2019-10-11 11:02:44

by Laurent Vivier

[permalink] [raw]
Subject: Re: [PATCH] hw_random: move add_early_randomness() out of rng_mutex

On 11/10/2019 10:45, Marek Szyprowski wrote:
> Hi Laurent,
>
> On 12.09.2019 15:30, Laurent Vivier wrote:
>> add_early_randomness() is called every time a new rng backend is added
>> and every time it is set as the current rng provider.
>>
>> add_early_randomness() is called from functions locking rng_mutex,
>> and if it hangs all the hw_random framework hangs: we can't read sysfs,
>> add or remove a backend.
>>
>> This patch move add_early_randomness() out of the rng_mutex zone.
>> It only needs the reading_mutex.
>>
>> Signed-off-by: Laurent Vivier <[email protected]>
>
> This patch landed in today's linux-next and causes the following warning
> on ARM 32bit Exynos5420-based Chromebook Peach-Pit board:
>
> tpm_i2c_infineon 9-0020: 1.2 TPM (device-id 0x1A)
> ------------[ cut here ]------------
> WARNING: CPU: 3 PID: 1 at lib/refcount.c:156 hwrng_register+0x13c/0x1b4
> refcount_t: increment on 0; use-after-free.
> Modules linked in:
> CPU: 3 PID: 1 Comm: swapper/0 Not tainted 5.4.0-rc1-00061-gdaae28debcb0
> #6714
> Hardware name: SAMSUNG EXYNOS (Flattened Device Tree)
> [<c01124c8>] (unwind_backtrace) from [<c010dfb8>] (show_stack+0x10/0x14)
> [<c010dfb8>] (show_stack) from [<c0ae86d8>] (dump_stack+0xa8/0xd4)
> [<c0ae86d8>] (dump_stack) from [<c0127428>] (__warn+0xf4/0x10c)
> [<c0127428>] (__warn) from [<c01274b4>] (warn_slowpath_fmt+0x74/0xb8)
> [<c01274b4>] (warn_slowpath_fmt) from [<c054729c>]
> (hwrng_register+0x13c/0x1b4)

This can happen if hwrng_init() has not been called for rng, that is
called by set_current_rng().

It appears with this patch because I have introduced the kref_get()
before the call of add_early_randomness() when the rng device is new but
is not set as the current one.
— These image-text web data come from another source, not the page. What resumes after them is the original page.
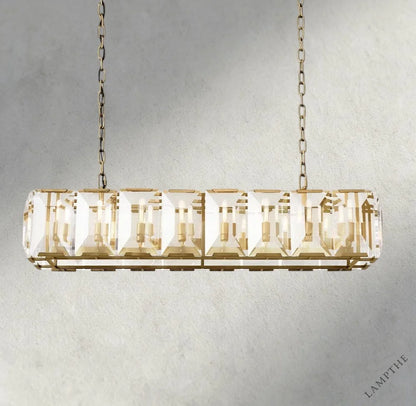 54" / Brass Harlow Crystal Rectangular Chandelier 42", 54", 62", 74"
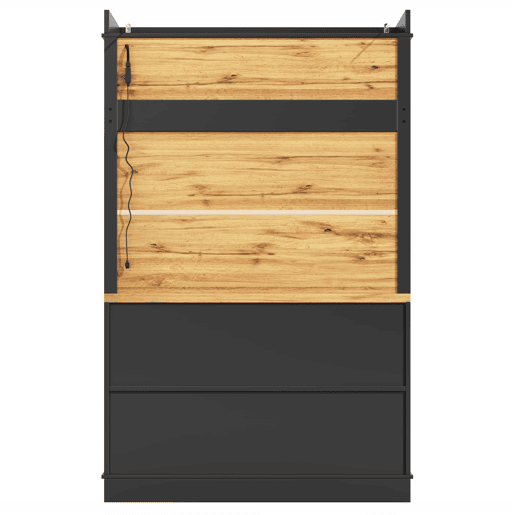 Armário de cozinha alto 107x43x184 cm - Vitrine com LED e prateleiras abertas - Preto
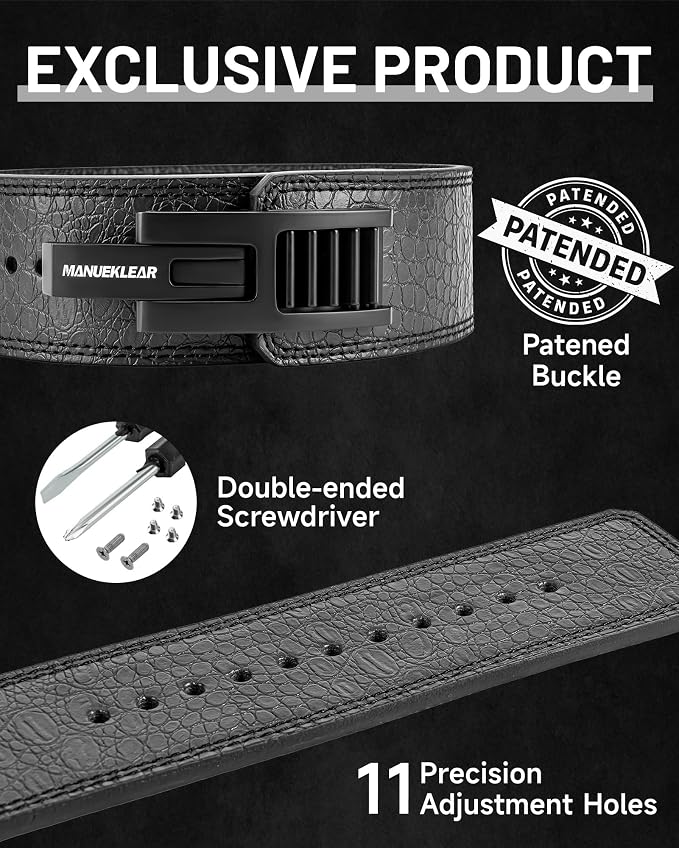 MANUEKLEAR Lifting Belt Lever for Men Women, 10mm Quick Locking Lever Belt Weightlifting with Adjustable Buckle, Lever Weight Lifting Belt for Powerlifting & Deadlifts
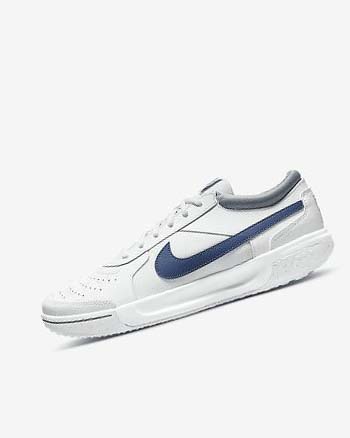 White / Navy Nike Court Zoom Lite 3 Men's Tennis Shoes | CA_5135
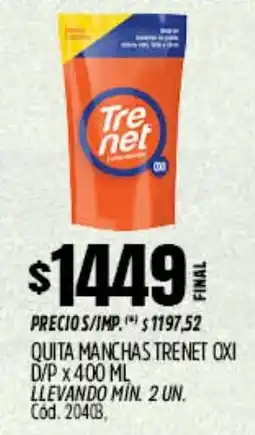 Supermercados Yaguar Trenet quita manchas oxi d/p oferta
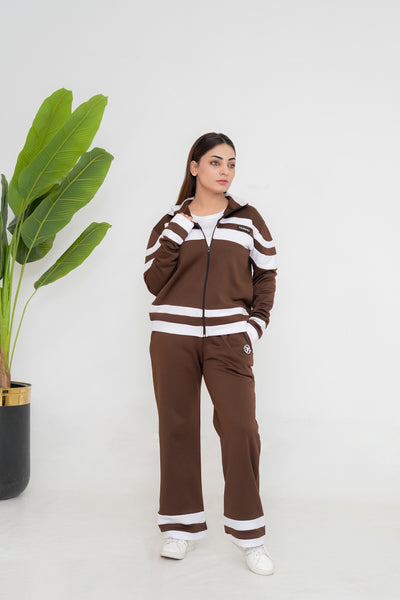 Trakkiez Winter Brown Lining Glam Fleece Co-ord Set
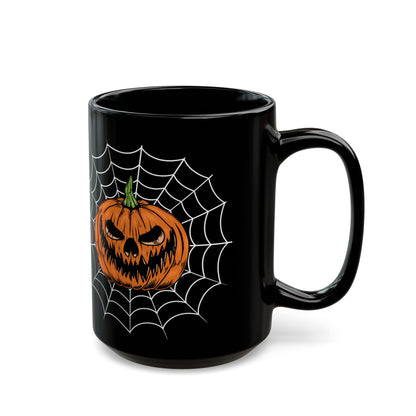 Mug - Sinister Grin Jack-o-lantern Spider Web Halloween Coffee Cup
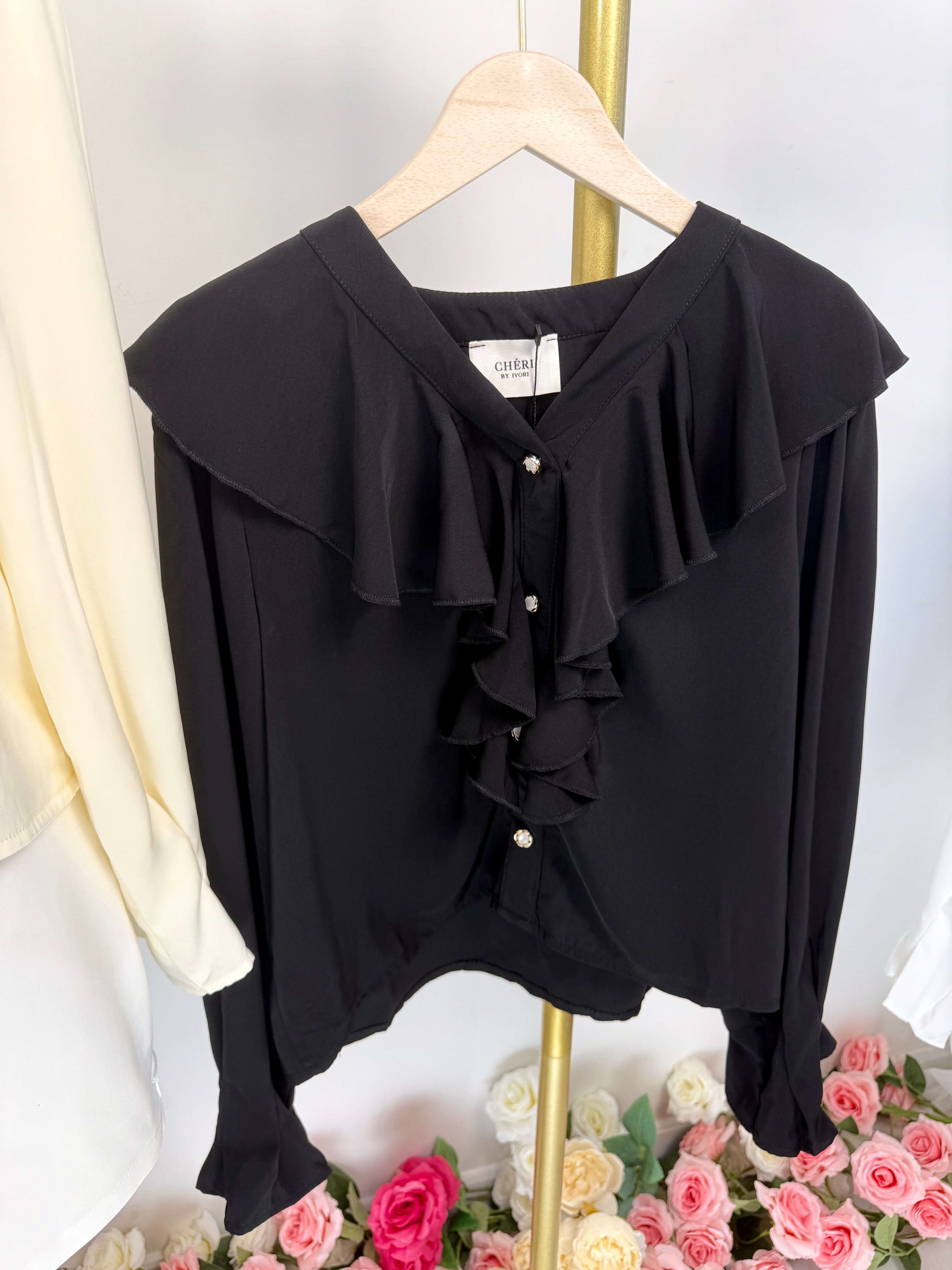 Cascade Ruffle Chiffon Blouse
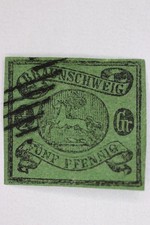 Brunswick Germany Scott 6 1852 1/2 Silbergroschen Used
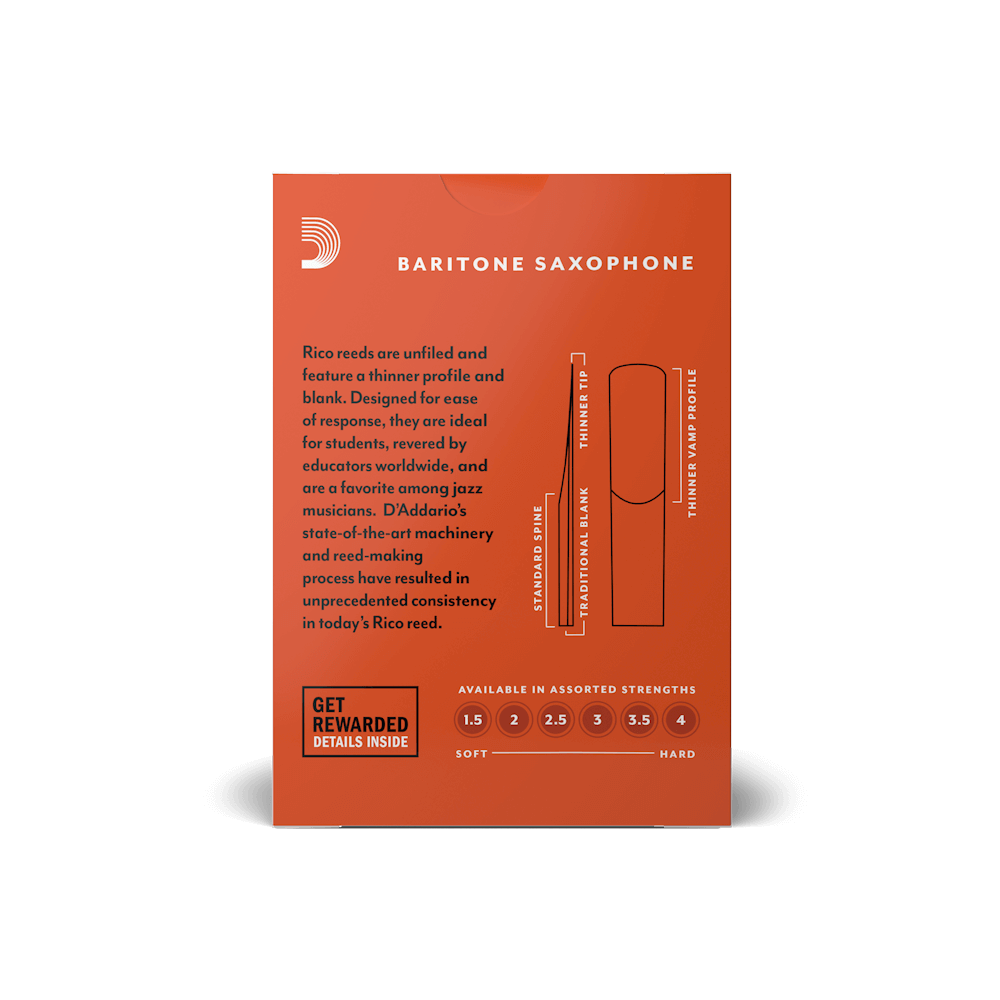 Caja cañas saxo baritono Rico by D´addario N° 3-1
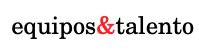 Logotipo con el texto “equipos&talento” en color negro, con un ampersand en color rojo.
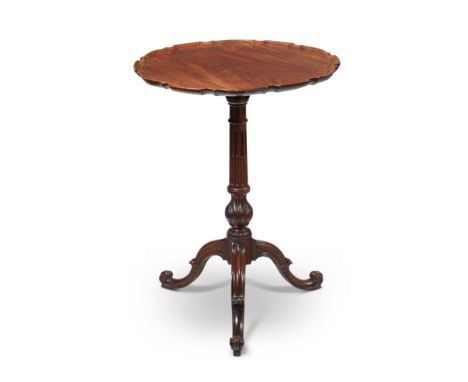 A GEORGE III MAHOGANY TRIPOD OCCASIONAL TABLEIN THE MANNER OF THOMAS CHIPPENDALE, CIRCA 1760The shaped top with 'pie crust' m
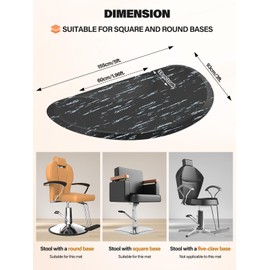 3ft. x 5ft. Salon Floor Mat, Lorvain Anti Fatigue Barber Shop Chair Mat for Circle Chair Base Hair Stylist Beauty Floor Mats Thick Half Round Office Comfort Floor Mat for Salon & Barber (Marble)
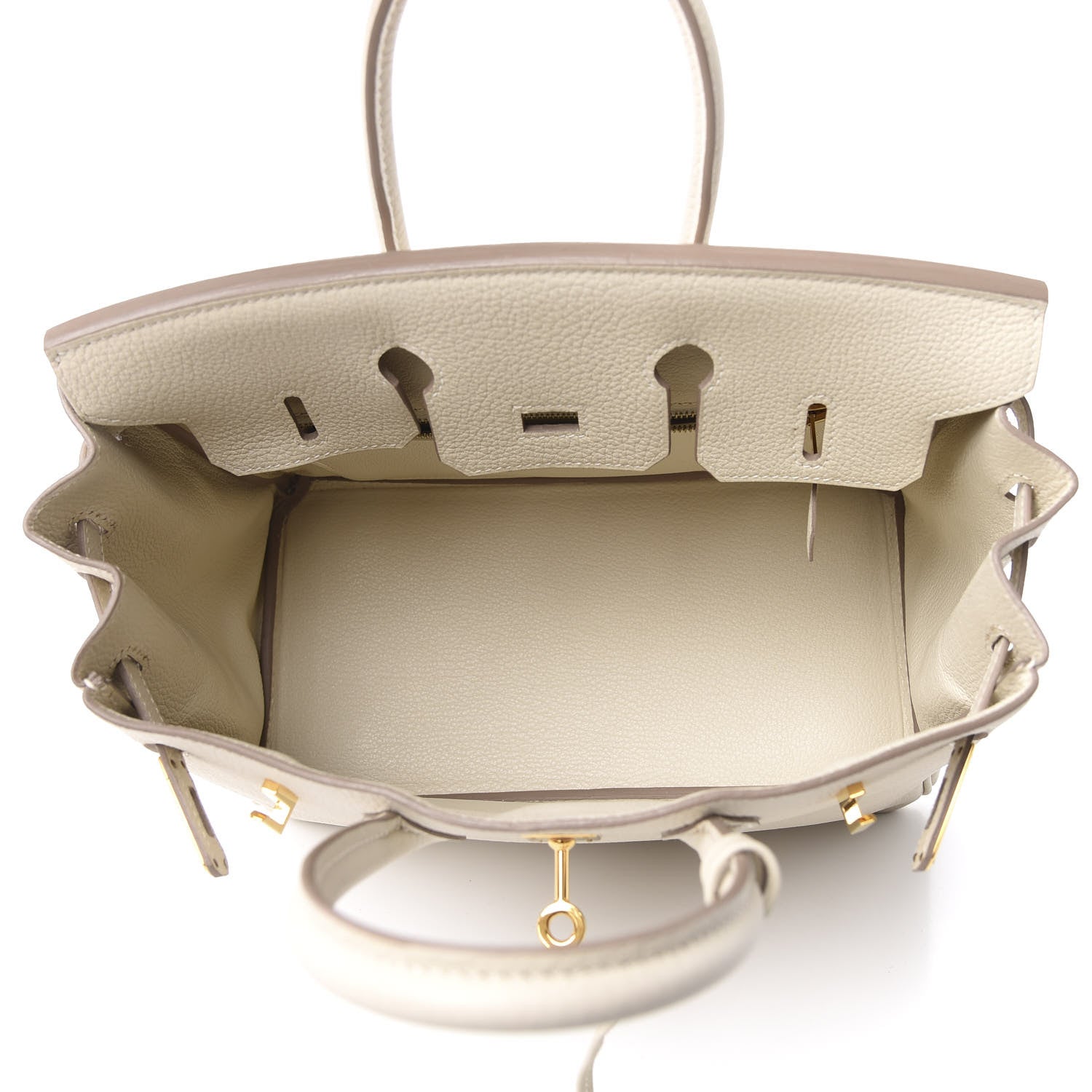 Hermes Taurillon Clemence Birkin 25 Craie 15 of 33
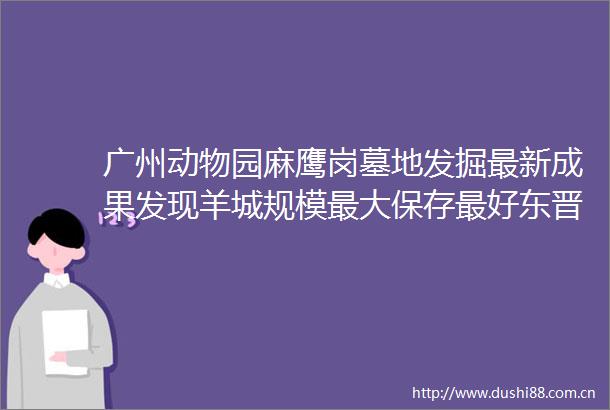 广州动物园麻鹰岗墓地发掘最新成果发现羊城规模最大保存最好东晋墓葬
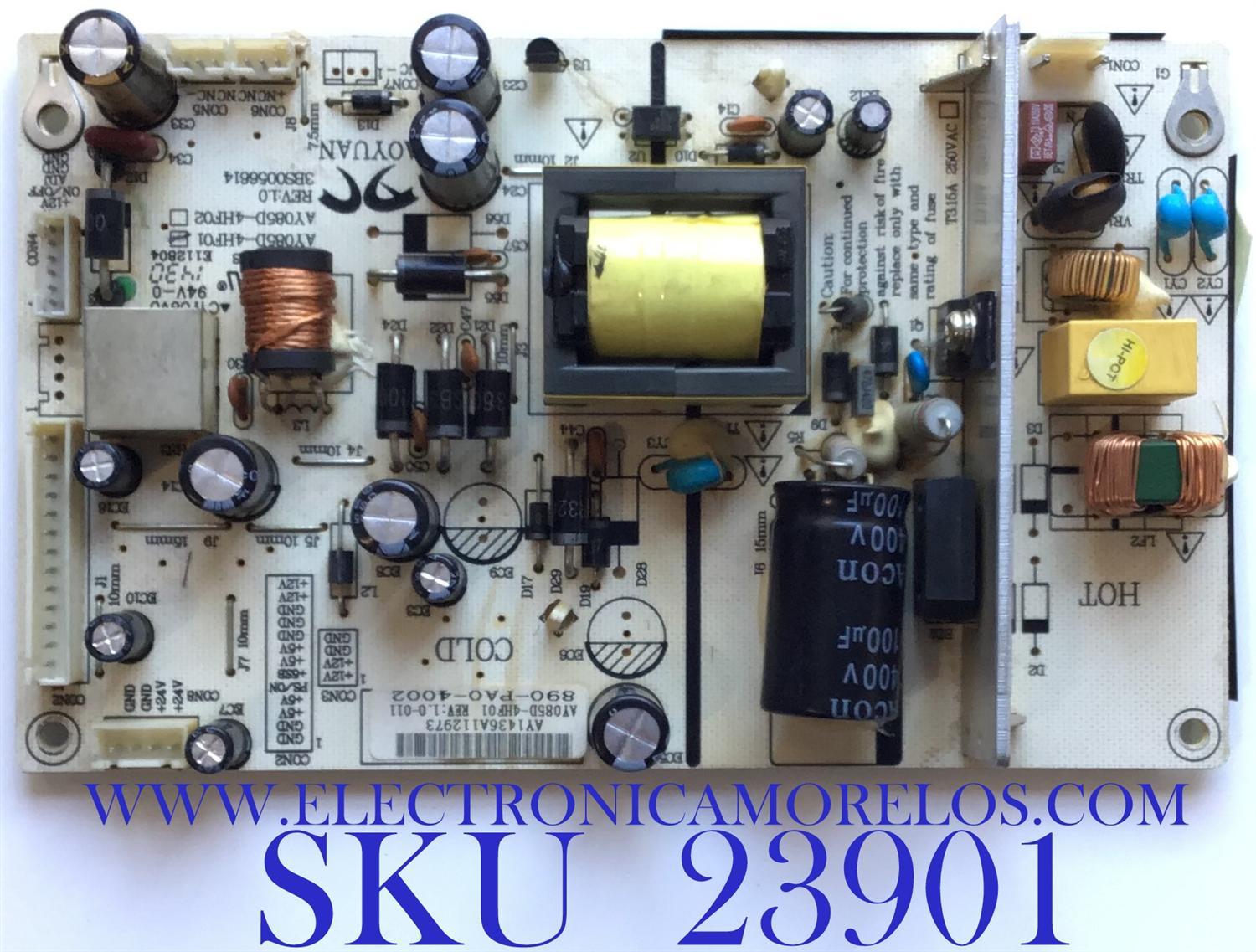 FUENTE DE PODER PARA TV SEIKI / NUMERO DE PARTE 890-PA0-4002 / AY085D-4HF01 / AY1436A112973 / PANEL T395HJ-PE1-DY3 VER.A3 / MODELO SE40FY19T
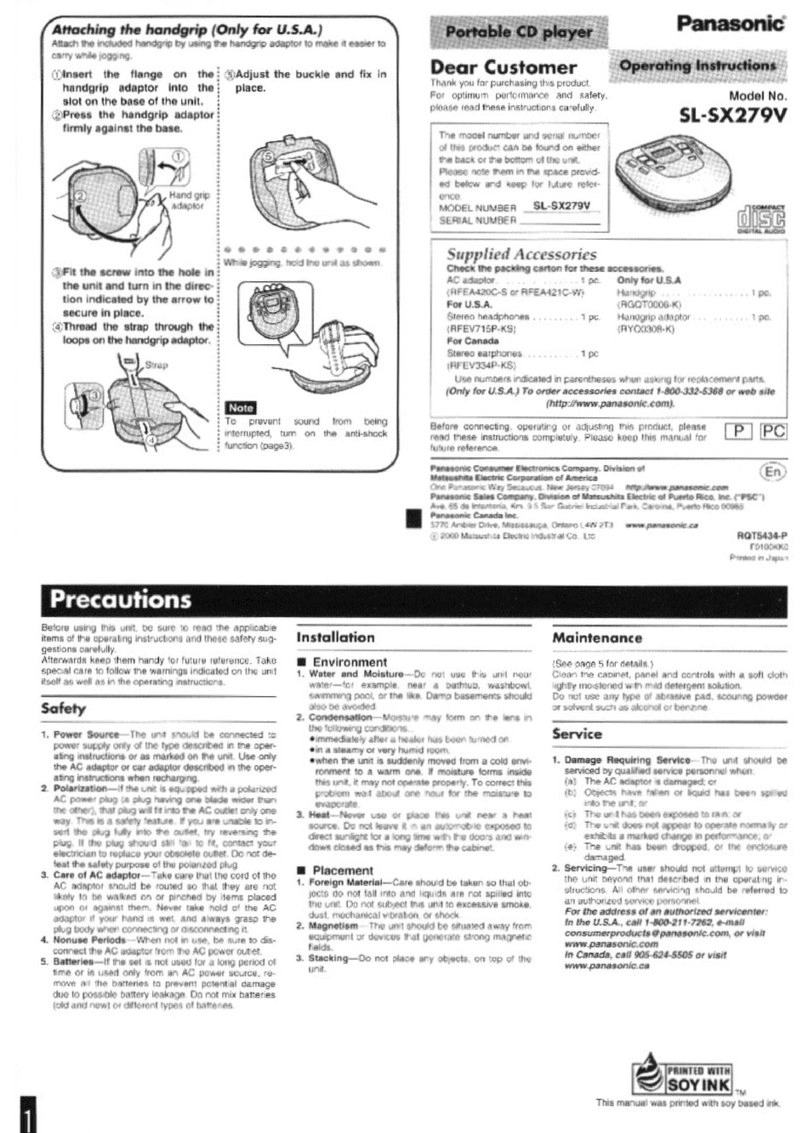 Panasonic SL-SX279V operating instructions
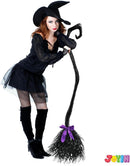 JOYIN 55" Witch Broom with Ribbons - Halloween Costume & Decor Prop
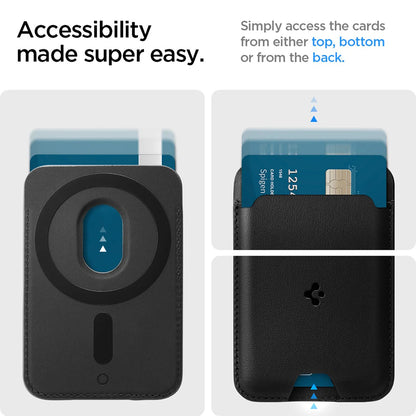 Portfel MagSafe, Spigen, Valentinus MagFit 2 Karty, Czarny AMP02284
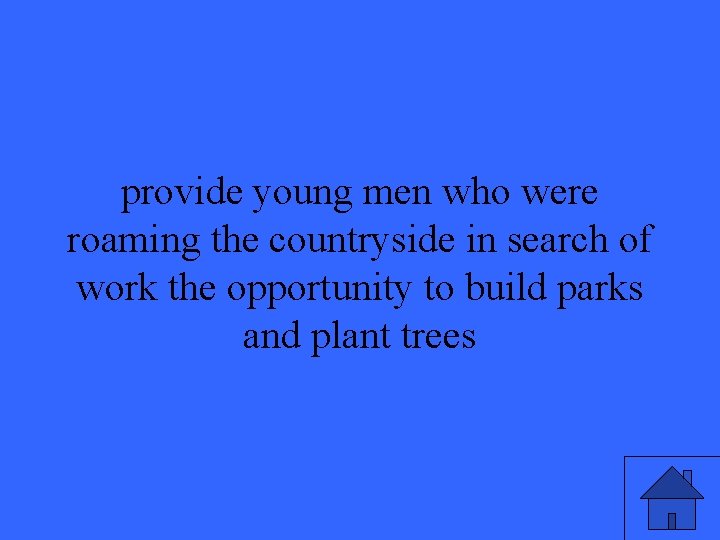 provide young men who were roaming the countryside in search of work the opportunity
So add_early_randomness() was called on
an unitialized device (it was already the case before)

I wanted to take the ref before releasing the mutex to avoid race
condition, but if the new rng device is not the new current_rng one, we
don't need that as the ref is only used with current_rng device.

I'm going to rework this patch.

Thanks,
Laurent